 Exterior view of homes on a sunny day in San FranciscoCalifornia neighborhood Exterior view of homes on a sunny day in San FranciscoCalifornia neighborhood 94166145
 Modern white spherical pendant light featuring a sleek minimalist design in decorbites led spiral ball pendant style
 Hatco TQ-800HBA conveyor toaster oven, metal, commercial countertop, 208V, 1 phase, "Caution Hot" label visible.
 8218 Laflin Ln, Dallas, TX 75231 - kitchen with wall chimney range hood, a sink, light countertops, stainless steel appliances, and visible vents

▸ **TASK TO CARRY OUT**
Could you copy each line above word for word?

▸ **RESPONSE**
 Exterior view of homes on a sunny day in San FranciscoCalifornia neighborhood Exterior view of homes on a sunny day in San FranciscoCalifornia neighborhood 94166145
 Modern white spherical pendant light featuring a sleek minimalist design in decorbites led spiral ball pendant style
 Hatco TQ-800HBA conveyor toaster oven, metal, commercial countertop, 208V, 1 phase, "Caution Hot" label visible.
 8218 Laflin Ln, Dallas, TX 75231 - kitchen with wall chimney range hood, a sink, light countertops, stainless steel appliances, and visible vents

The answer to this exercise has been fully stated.